La vita di Aglaja e dei suoi vicini di casa permette a Vojnovic di raccontare la vita dei cittadini della provincia russa in una serie di momenti di passaggio: dal terrore staliniano alla schizofrenia chrusceviana, dalla restaurazione brezneviana alla guerra in Afghanistan, dalla glasnost alla caduta dello stato sovietico, con mafiosi e politici disposti a tutto pur di arricchirsi e conquistare il potere. Sembra un grande film, come nell'ultima scena del "Dottor Zivago" la nostra protagonista ritrova prima di morire i volti del suo passato sfigurati anch'essi dagli anni e dalle trasformazioni sociali che il rivoluzionario cambiamento ha in qualche modo imposto: ma stavolta sono ex-quadri trasformati in preti, mediocri scrittori divenuti rispettati e ascoltati dissidenti, reduci della Grande Guerra alle prese con pensioni da fame, senza soldi ma sempre ubriachi. Ma che Russia è, quella che oggi Vojnovic (73 anni, nato a Dushambe', giunto alla fama negli anni '60 con La straordinaria storia del soldato Conkin) e la sua generazione si trovano davanti? Le parole dell'Ammiraglio, vecchio di grande cultura e ancor più grande lucidità, silenzioso dissidente ante-litteram, ci descrivono probabilmente i veri sentimenti dello scrittore nei confronti di chi oggi detiene il potere... (m.b.)

 

(da "Propaganda monumentale", di Vladimir Vojnovic)

...

"Fino a poco fa vivevamo in uno zoo. Ognuno aveva la sua brava gabbia. I predatori erano da una parte, gli erbivori da un'altra. E' naturale che tutti gli abitanti dello zoo sognassero la libertà e aspirassero a uscire dalle gabbie. Ora ci hanno aperto le gabbie. Siamo usciti in libertà e ci siamo accorti che il piacere di scorazzare sull'erba può anche costarci la vita. A stare veramente bene sono solo i predatori che ora sono liberi di mangiarci senza alcun limite. E adesso noi pensiamo, dopo averne avuto abbastanza della libertà, dopo essere stati terrorizzati per benino: non sarebbe meglio ritornare in gabbia, ma metterci dentro anche i predatori? Comunque dovremo servire loro da pasto, ma almeno in modo regolato. E perciò ci stiamo guardando in giro e cerchiamo..."

"Chi?" - chiesi.

"Be', diciamo, il direttore dello zoo.
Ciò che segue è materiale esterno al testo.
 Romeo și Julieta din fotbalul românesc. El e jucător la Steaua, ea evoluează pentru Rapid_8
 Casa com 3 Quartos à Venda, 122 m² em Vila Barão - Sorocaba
Che riporterà l'ordine e metterà ciascuno nella sua gabbia, darà da mangiare ai predatori, ma rifornirà anche noi del nostro fieno, dei cavoli e qualche volta, quando ci comporteremo bene, ci vizierà anche con qualche carotina"

"Con direttore lei intende Stalin?"

"Qualcuno di quel genere"

"Sarà comunista?"

"Penso che si farà chiamare in qualche altro modo."

...

"Lei sa già anche che aspetto ha?"

"Certo che lo so", disse l'Ammiraglio. "Si veste modestamente. Vagamente alla militare. Nella vita di tutti i giorni si accontenta di poco. Le cose materiali lo lasciano indifferente. Tanto più i generi di lusso. Non molto alto ma ben piazzato, suppergiù una corporatura come la sua."

"Allora, magari, eccolo qua, il nostro uomo", m'infervorai io.

"No", disse l'Ammiraglio, "lei non va bene per questo ruolo. Dubita troppo di sé stesso, parla in fretta e gesticola molto. Mentre il nostro uomo si comporta in modo enigmatico, senza clamore, ma sempre sicuro di sé. I suoi gesti sono misurati, ma espressivi. Con uno sguardo sa gettare nel panico gli uomini, le donne invece in un latro stato, ma lui è impotente."

"E' obbligatorio che sia impotente?"

"Si. Solo un uomo che non ha passioni e tentazioni, a parte quella del potere smisurato sui corpi e sugli spiriti, può diventare un idolo del popolo."

"Ha proprio delineato una bella immagine!"

"Un'immagine comune", disse l'Ammiraglio."L'immagine comune del tiranno. Le persone di quel tipo non si distinguono per una grande originalità".